Pernikahan Usia Anak Berisiko Kualitas Hidup Menurun

Pernikahan usia anak sesungguhnya memiliki banyak kerugian, di antaranya menurunkan kualitas hidup.

oleh Benedikta Desideria diperbarui 07 Feb 2017, 18:00 WIB
Diterbitkan 07 Feb 2017, 18:00 WIB

Liputan6.com, Jakarta Pernikahan usia anak atau di bawah umur masih marak terjadi di Indonesia. Pada 2012 saja ada 1.348.886 anak perempuan yang menikah sebelum usia 18 tahun, berdasarkan data yang dipublikasikan Badan Pusat Stastik dengan dukungan UNICEF.

Pernikahan usia anak sesungguhnya memiliki banyak kerugian, di antaranya menurunkan kualitas hidup dalam hal kesejahteraan individu tersebut, seperti dikatakan Asdep Perlindungan Anak dari Eksploitasi Deputi Perlindungan Anak Kementerian Pemberdayaan Perempuan dan Perlindungan Anak, Rini Handayani.

Salah satu kerugian yang akan dihadapi individu yang melakukan pernikahan usia anak adalah kurangnya kesejahteraan ekonomi.
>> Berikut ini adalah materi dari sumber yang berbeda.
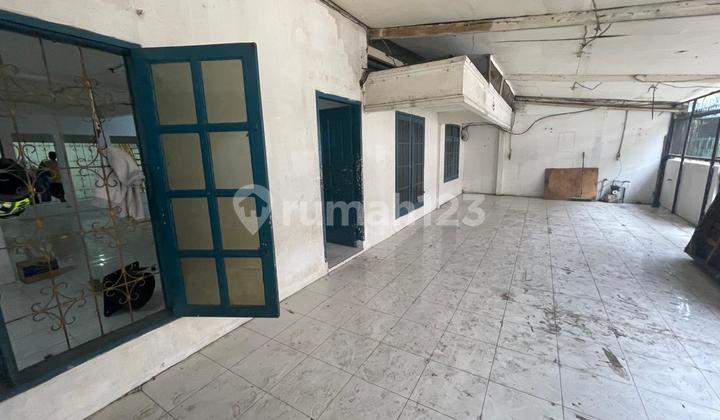 Chandra rents a 600m2 warehouse with wide road access in Jelambar.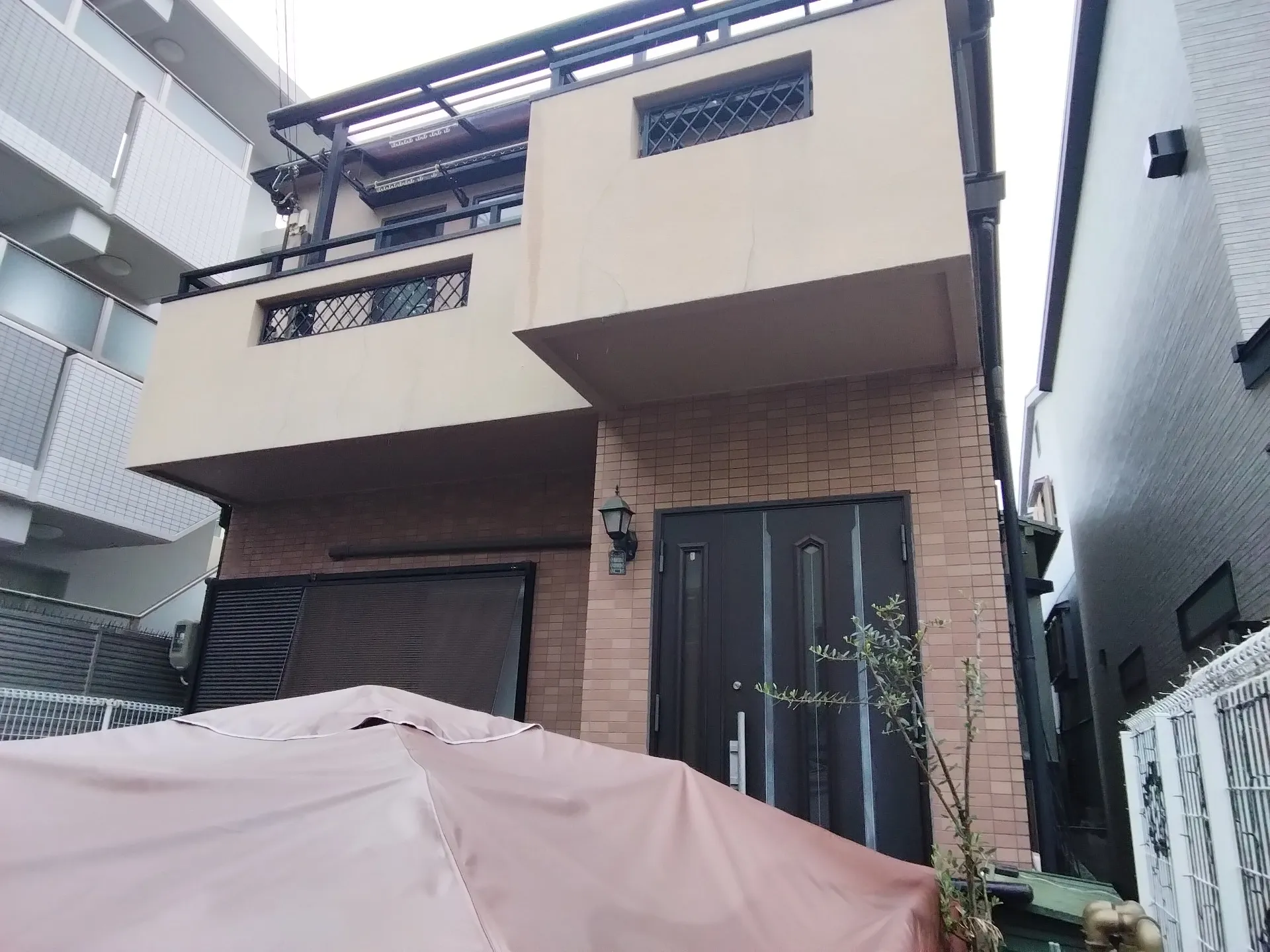 大阪府高槻市に外壁フル塗装､屋根塗装､シーリング工事､ベランダ簡易防水の現場調査に行きました。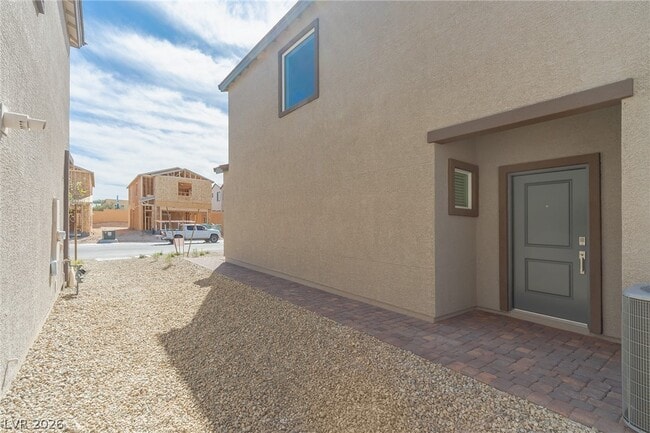 Building Photo - 9958 Oliver Hls Ave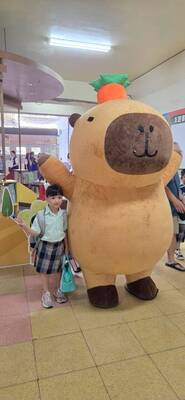 LINE_ALBUM_新生開學日第四站主場景照片_260909_15圖片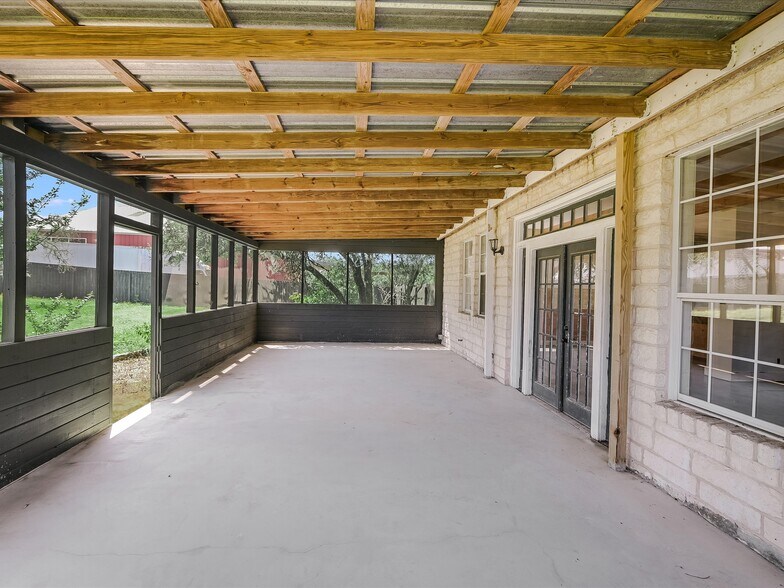 More Photos Of 19510 Hamilton Pool Rd, Dripping Springs Freestanding For Sale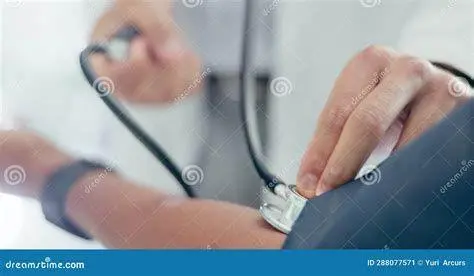 Monitoring Kesehatan Pemeriksaan tekanan darah rutin saat konsumsi furosemide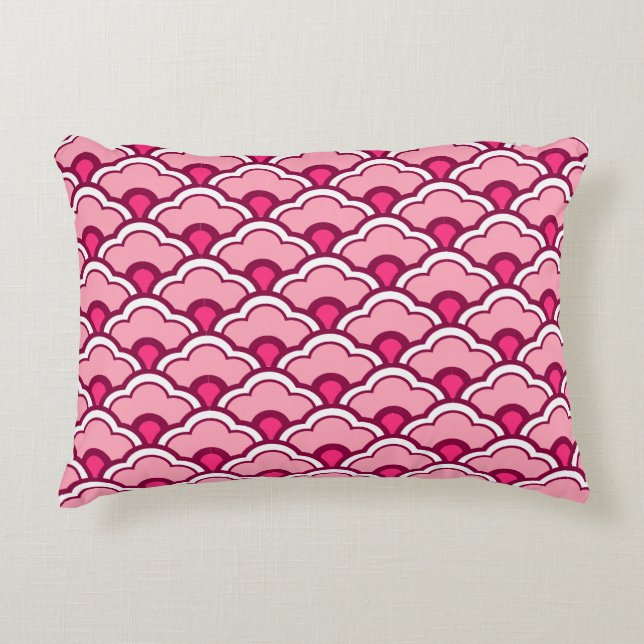 Deco Chinese Scallops, Fuchsia and Light Pink Decorative Cushion (Front)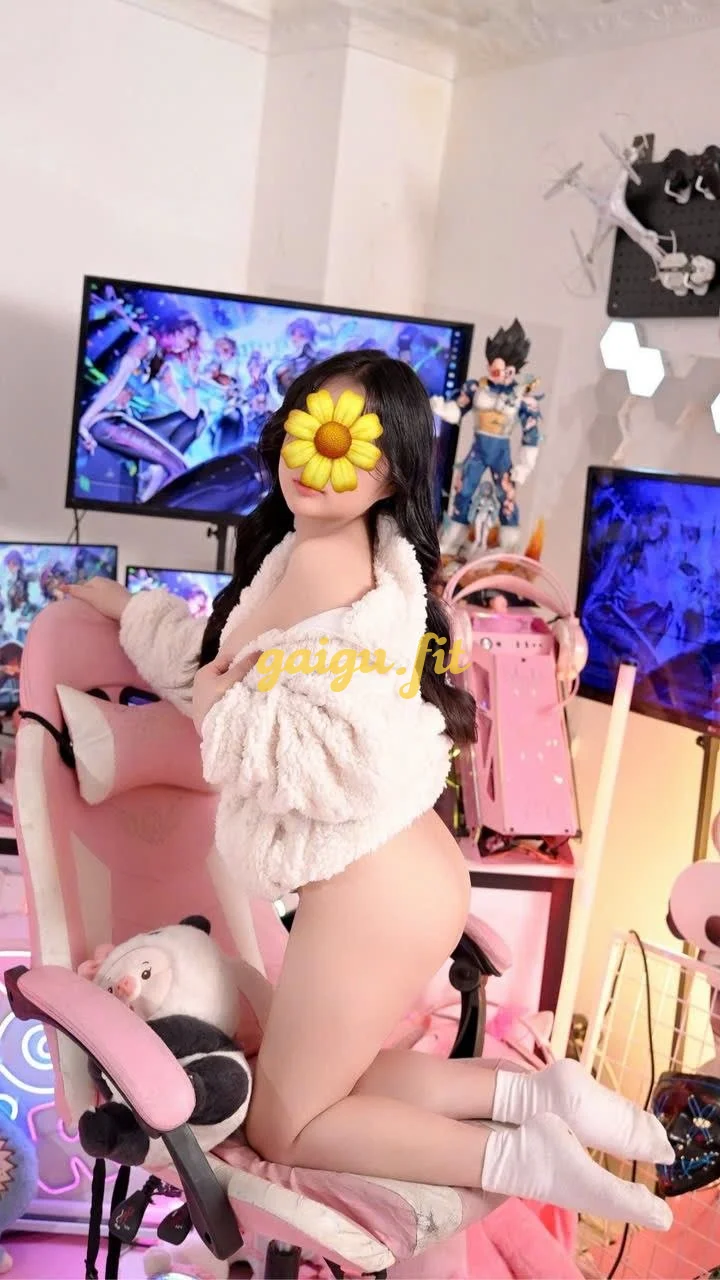 Thảo Vy_ Em gái xinh với body nóng bỏng, làm tình dâm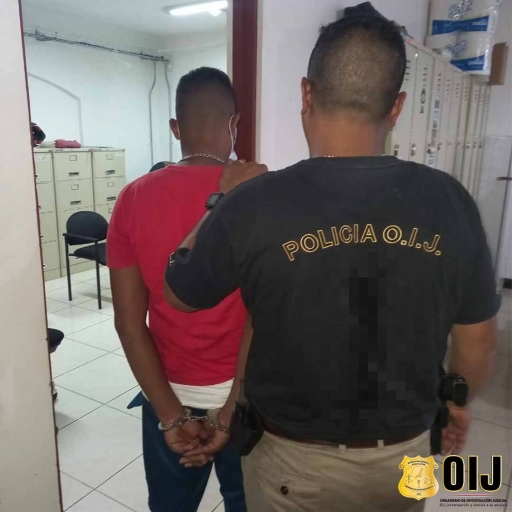 OIJ Batán detuvo a sospechoso de vender droga cerca de la plaza y escuela de Batán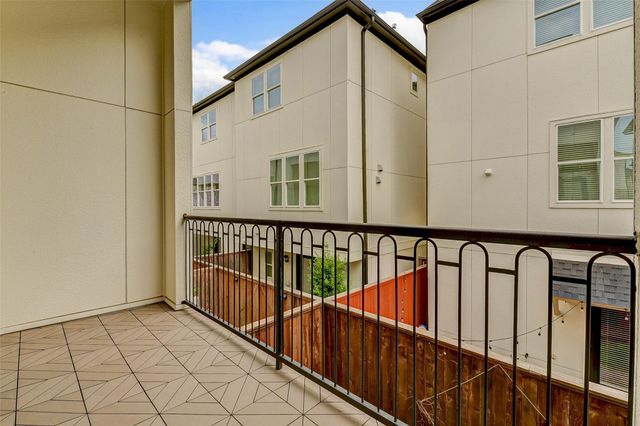 2724 Dolce Oaks Drive, Houston, TX 77007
Anak perempuan yang menikah sebelum usia 18 tahun setidaknya berpeluang enam kali lebih besar untuk tidak menyelesaikan pendidikan. Dengan begitu, dia cenderung tidak bekerja. Jika pun dia bekerja, cenderung di bidang informal. Oleh karenanya tak heran bila hasil data BPS juga menyebutkan pernikahan usia anak menurunkan 1,7 persen PDB.

"Perlu diingat juga, kesejahteraan bukan hanya ekonomi. Pernikahan usia anak juga berpengaruh pada menurunnya kesejahteraan moral," kata Rini.

Pernikahan usia anak juga rentan terhadap menurunnya kualitas hidup anak yang kemudian dilahirkan.

"Anak-anak itu kan masih labil dan masih suka main bersama teman-temannya. Terus anak yang punya anak ini, karena emosinya masih labil ya tidak terlalu memikirkan anaknya dikasih ASI atau tidak. Hal ini membuat anaknya jadi tidak diperhatikan," kata Rini dalam acara yang digelar Jaringan Peduli Anak Indonesia dan Wahana Visi di Jakarta Pusat, Selasa (7/2/2017).